Saturday, February 1, 2014

FatLand and Public Celebrations

When FatLand was new, people were so busy trying to build it up and plan it that things like weddings and anniversaries were celebrated in people's homes without a lot of fanfare.

When it became a little older and a little more settled, some of its inhabitants grew interested in building things like Wedding halls and catering establishments.

The tourists from the Other Side who came to see FatLand in the easing and then repeal of the Pro-Health and Diet Laws were extremely disappointed to see FatLand inhabitants celebrating weddings and anniversaries just as they did on the Other Side.
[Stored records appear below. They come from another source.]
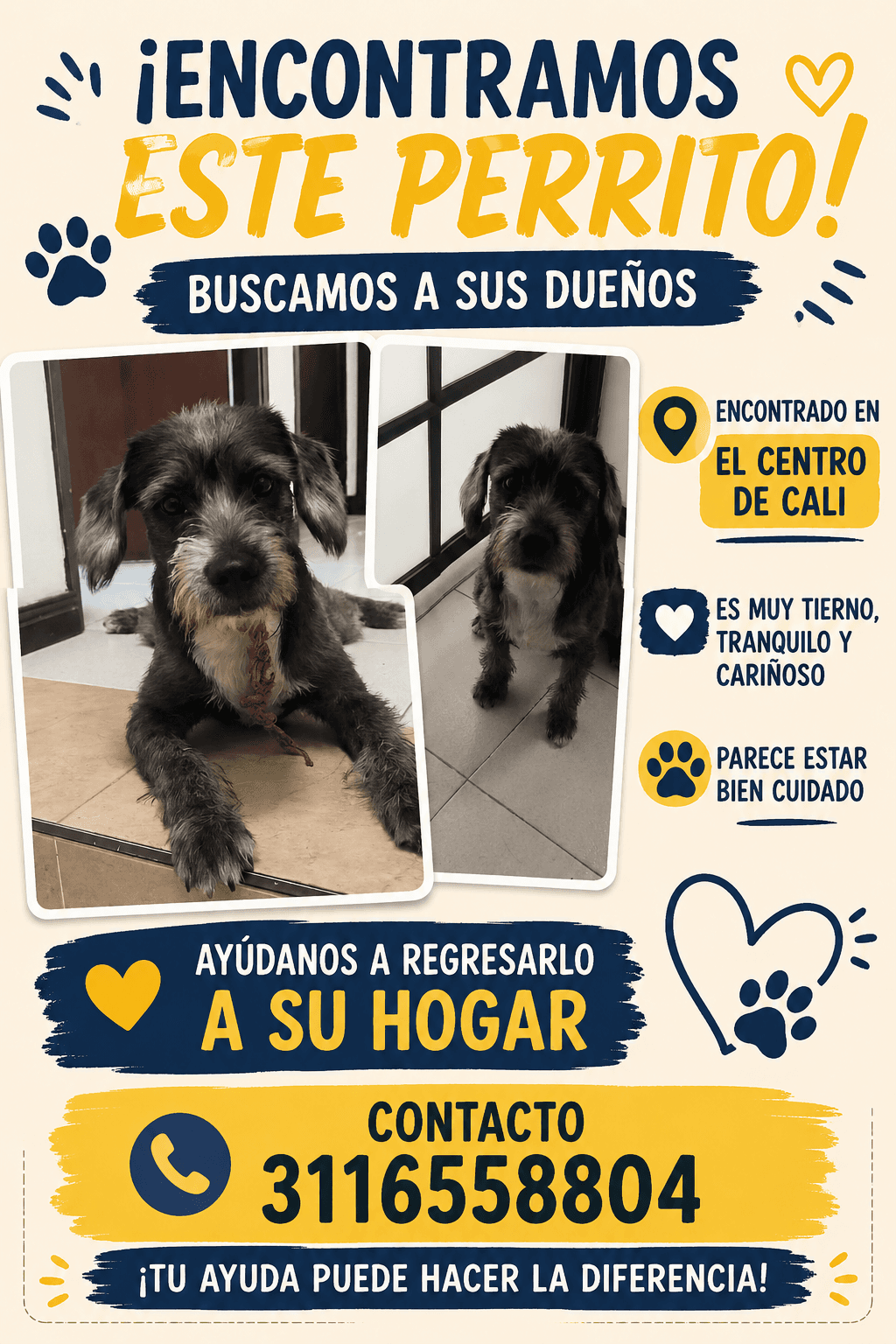 CENTRO · Perro gris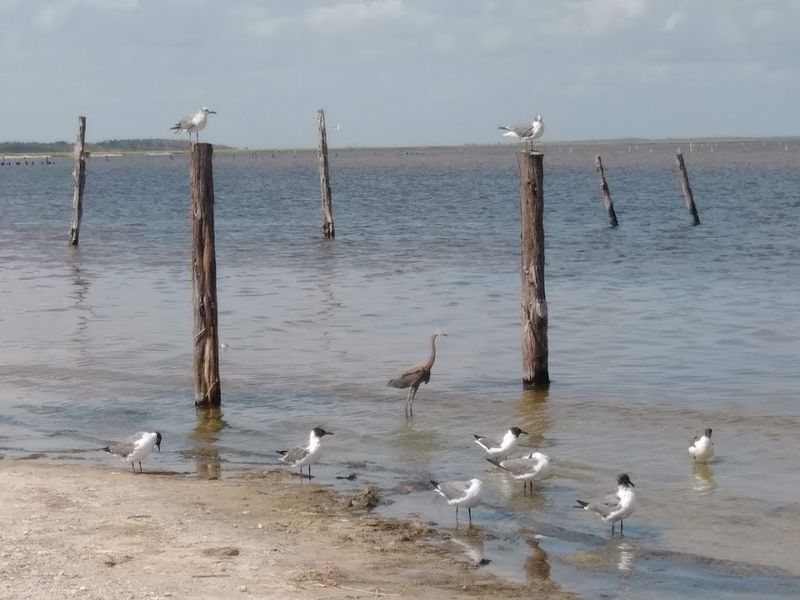 Birdwatching And Whooping Cranes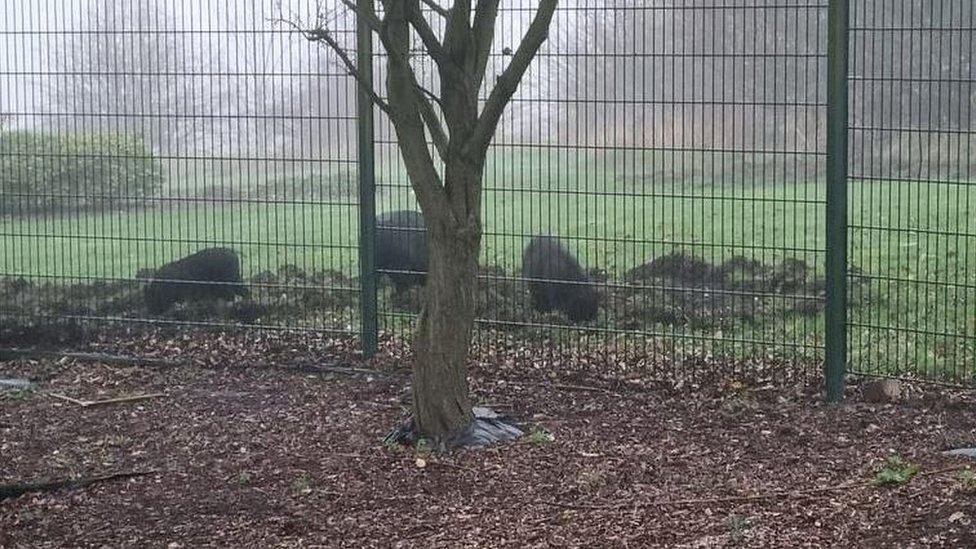 Pigs behind fence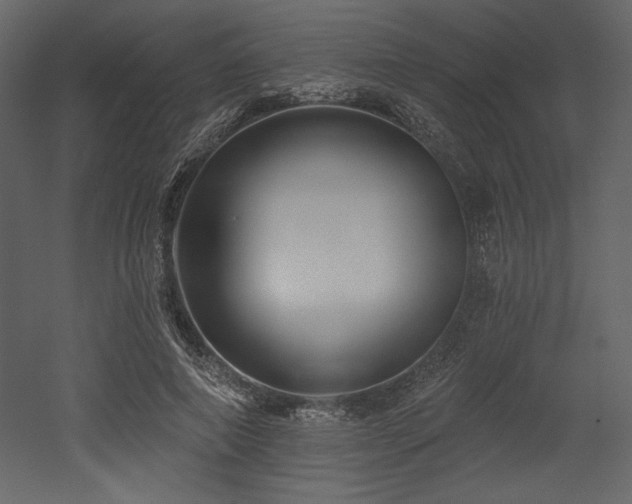X0000053000690200507081234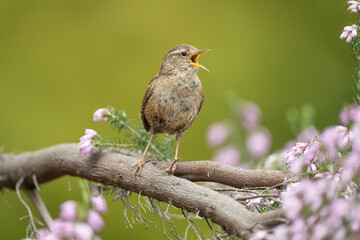 Wren perched on a branch, singing
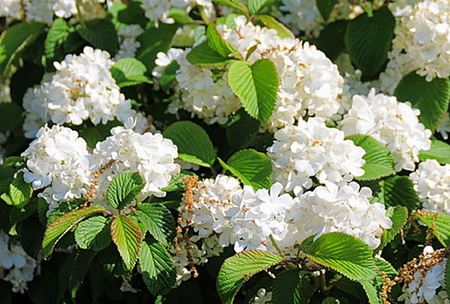 JAPANESE SNOWBALL - flowers, white, shrub, beauty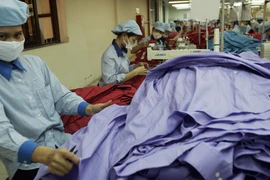 5 năm Việt Nam gia nhập WTO: Bộc lộ những điểm yếu 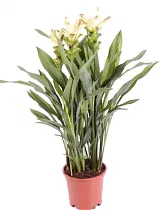 Куркума белая - Curcuma Siam Silver D13 H50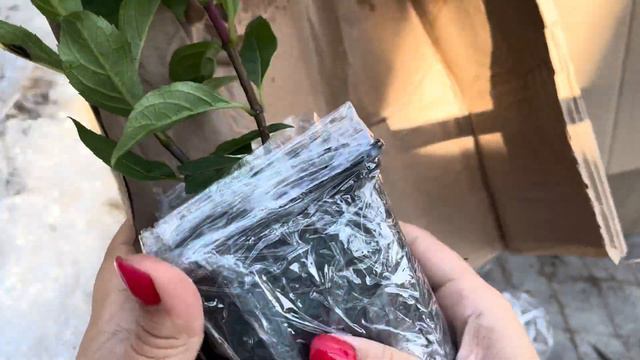 Распаковка посылки с метельчатыми гортензиями🪴, новинки мировой селекции 😍#гортензии #метельчатые смотреть онлайн
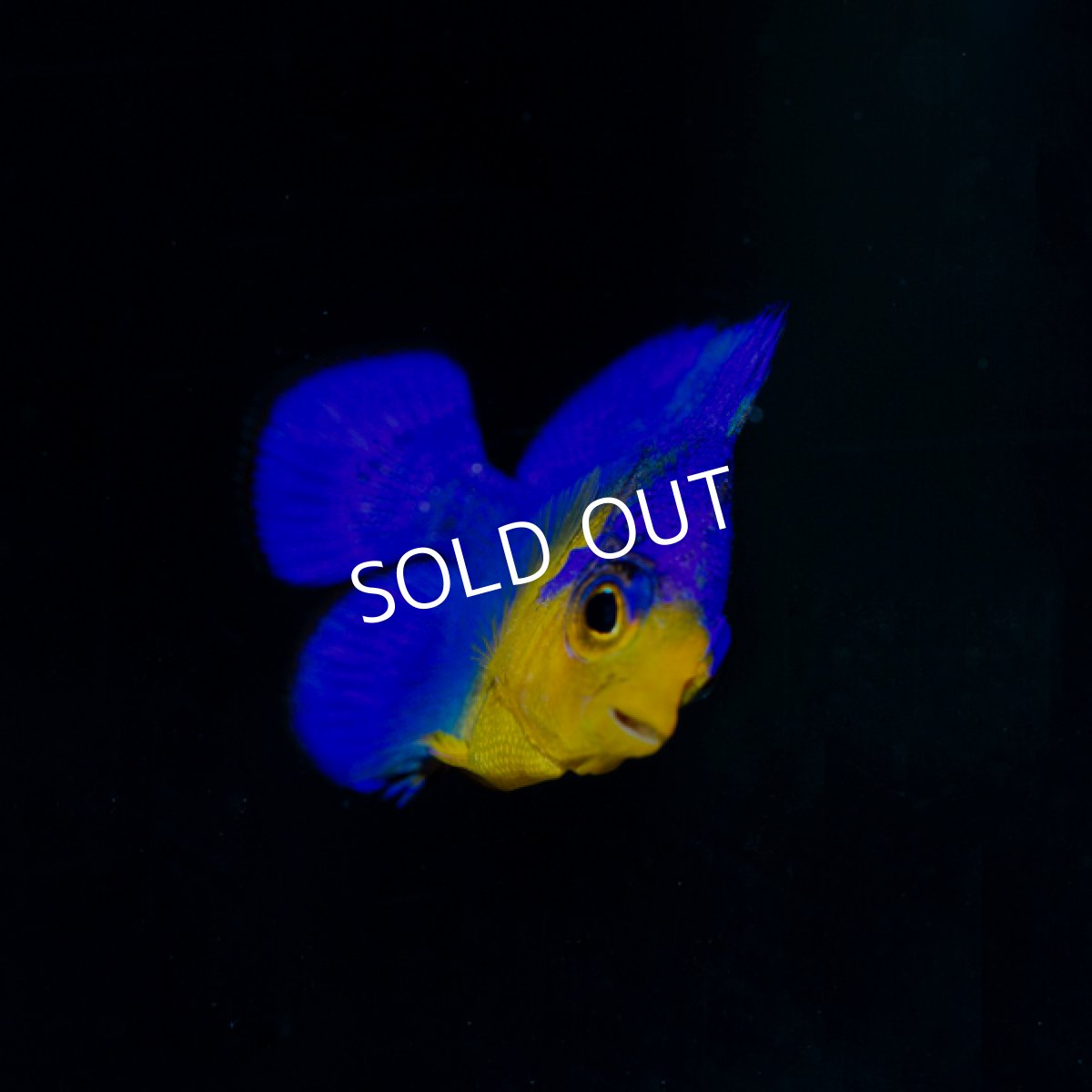 画像2: ■SALE■スミレヤッコ S  八重山産 No.2 (2)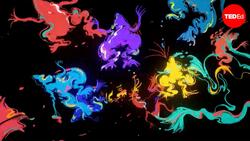 TED-Ed: Want to know if you're pregnant? Use this frog | Carly Anne York Instructional Video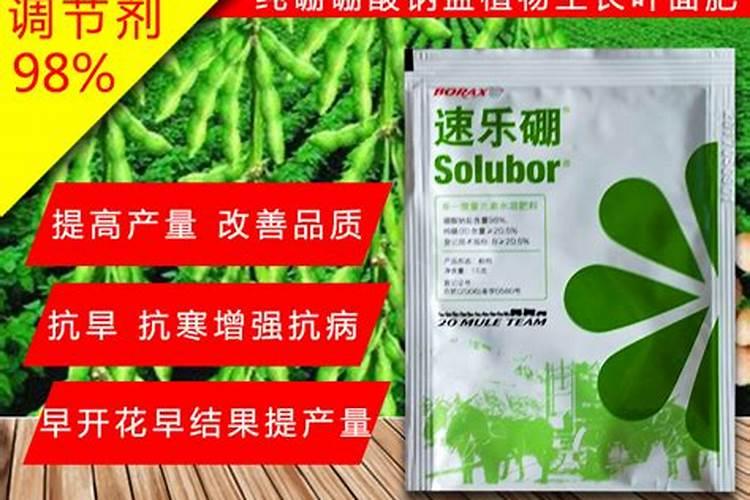 叶面肥用硼酸好还是硼砂好？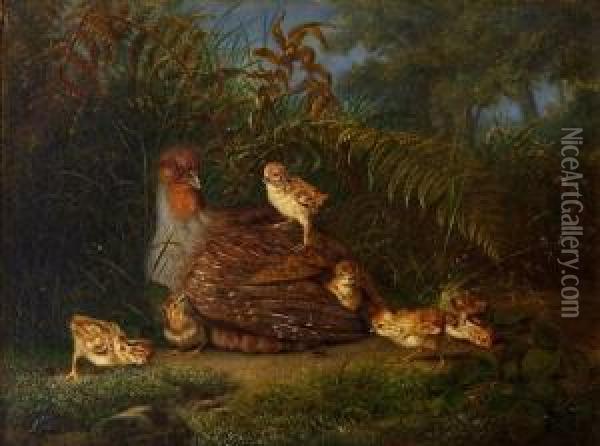 Rapphone Med Kyllinger 1862 Oil Painting - Christian August Printz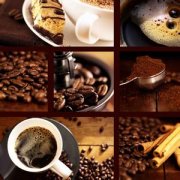 咖啡種植條件及分佈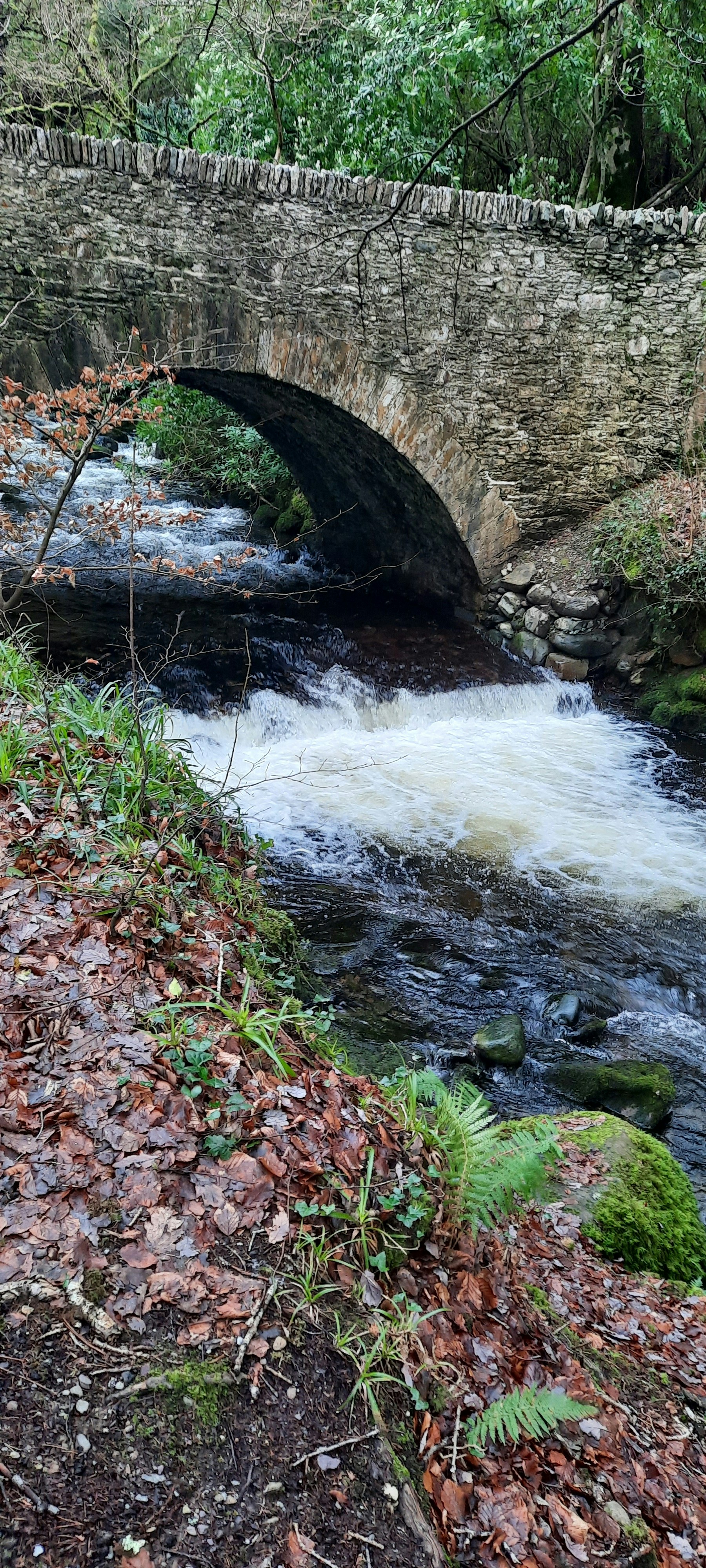 Torc Waterfall, Torc, Killarney, County Kerry, Ireland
What their guide had to explain to them was that the FatLand celebrations of personal and life cycle events were remarkable not in their originality or departure from Other Side customs, but precisely because they were conducted so similarly to those of the Other Side. Their remarkable nature, the guide said, lay in the fact that FatLanders felt secure enough to conduct them in public because in FatLand, they were secure from harassment and public abuse.

For so many years, the guide continued, on the Other Side, mostly very brave fat people held their life cycle celebrations in public, and this despite the fact that they were sure to be harassed, embarrassed and shamed by bullies (of all ages). Many fat people learned the hard way that the Other Side/USA frowned on public happiness for fat people. Of course when the Pro-Health and Diet Laws went into effect, fat people did not hold public celebrations for fear of being spotted by the Pro-Health and Diet admins and being sent to Reeducation Centers.

And that, the guide explained, was another obstacle negotiated by FatLanders when they started holding personal and life cycle celebrations in public. They had to power past their fear that someone would inform on them and land them in a Center, even though such thing never had existed and never would exist in FatLand.

So, the guide concluded, what you may see and view as a simple celebration was actually the work of the untangling of many fears and many years of having to hide from probable public harassment and abuse. The FatLand celebrations themselves, the guide concluded, were triumphs of determination over bigotry and hatred from years past and over the place that once encouraged such hatred.

A possible lesson might be that hatred never wins forever. True? Many of us hope so.